There's something touching about the small amounts of cash represented in the classic Monopoly game. What would the mortgage value be on even a modestly sized casino on a major street on the Jersey shore today? Probably in the millions. Perhaps the easiest way to re-conceive that difference is to multiply every value in the game by a thousand, or perhaps even by five thousand. That would get us closer to the real numbers of our comparatively "inflated" times today.
You can still find promoters and front-men today offering to turn your modest retirement account(s) into fortunes. Mostly, though, what they'll offer is a weekend seminar at a third-rate hotel conference center, where they will teach you the "secrets" of making it big in the real estate market. Then there's always someone telling you that gold is about to take off.
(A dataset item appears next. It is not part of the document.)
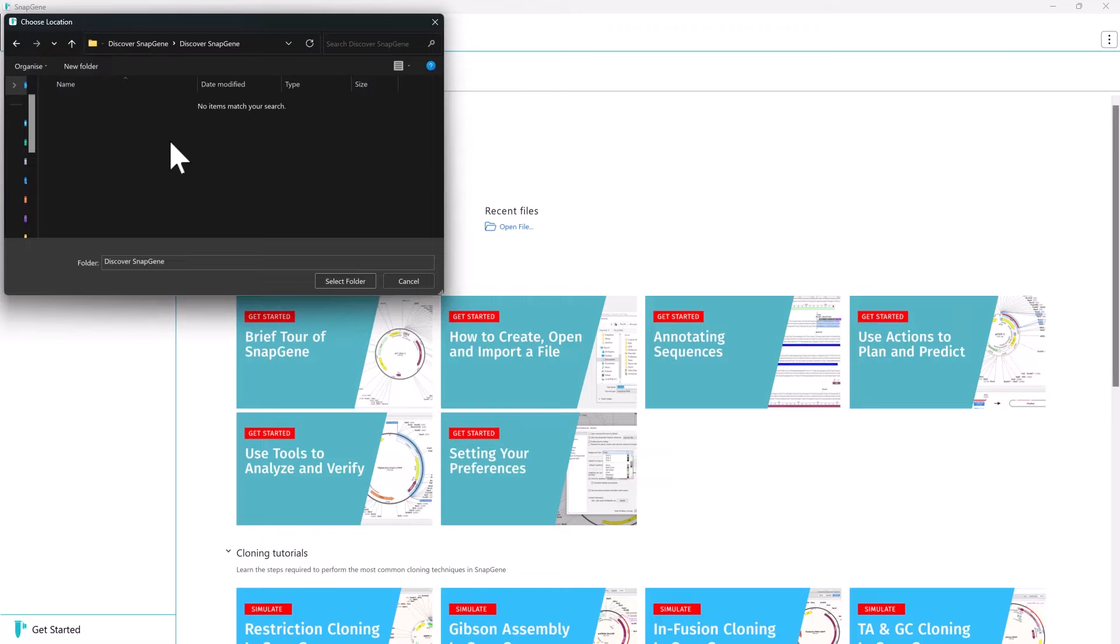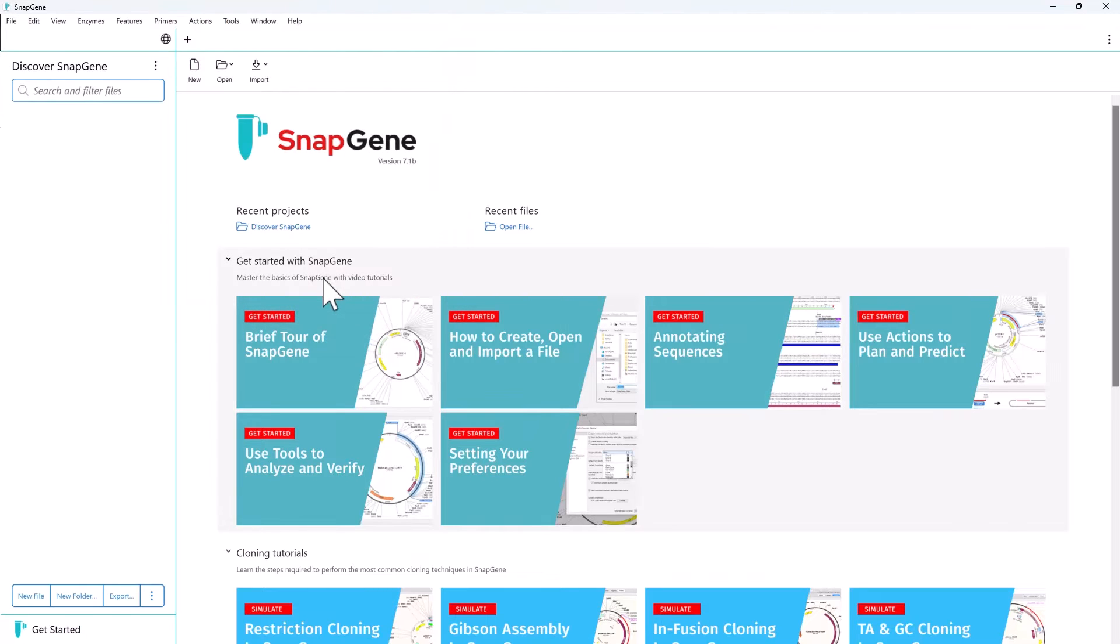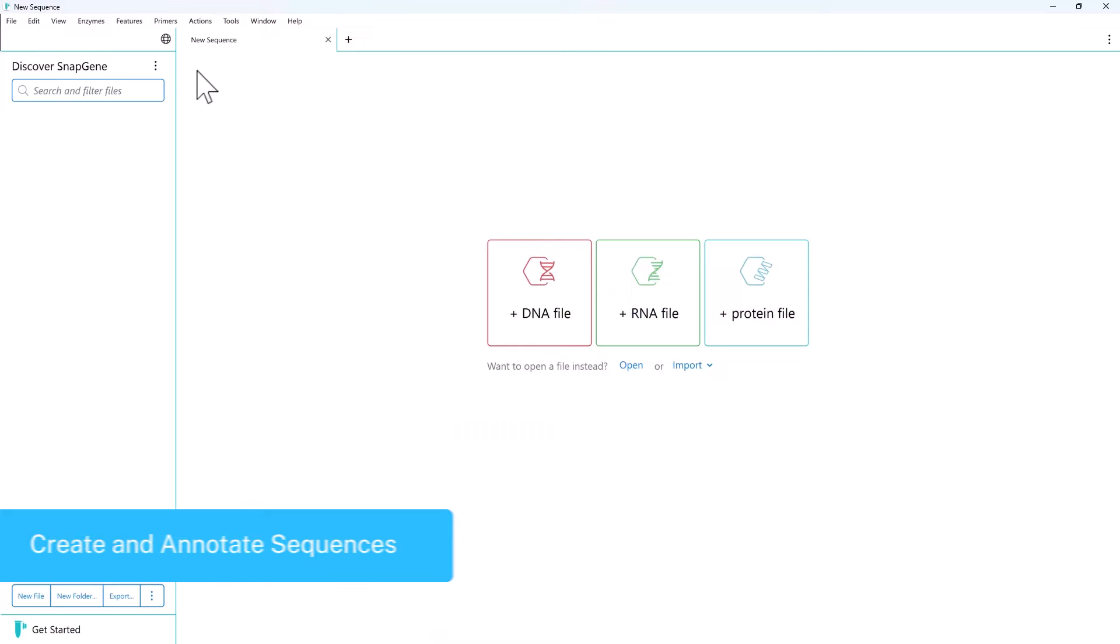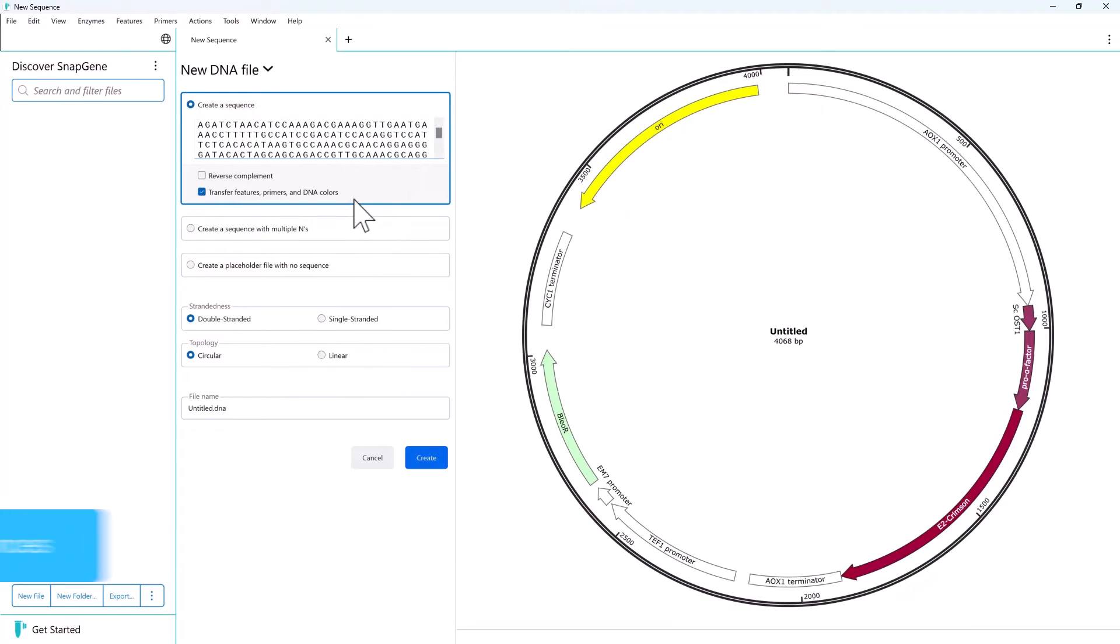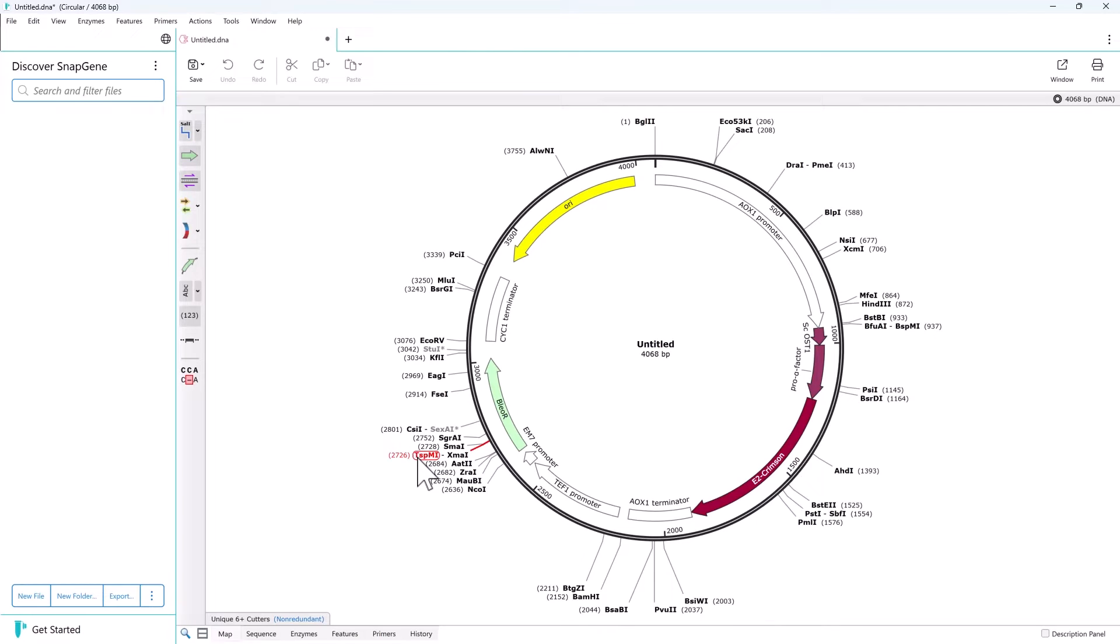Let's import a raw vector sequence into SnapGene. Paste the sequence into the new sequence window and SnapGene will automatically annotate the sequence using a curated library of common plasmid features. And just like that we've created an annotated plasmid displayed as a tab in the main SnapGene window.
On our block, during the real estate boom, several properties changed hands over and over again, until the last one got caught holding the bag (so to speak). A bag-full of money, perhaps, that was now worth only a fraction of what it had been before the currency bounced. They're still nice houses, of course, but they're "under water." For the losers, there's always the risk of that sinking feeling. The next throw of the dice may put you in dutch. I'm rounding the third turn and heading for home, but my opponent has two hotels on Boardwalk.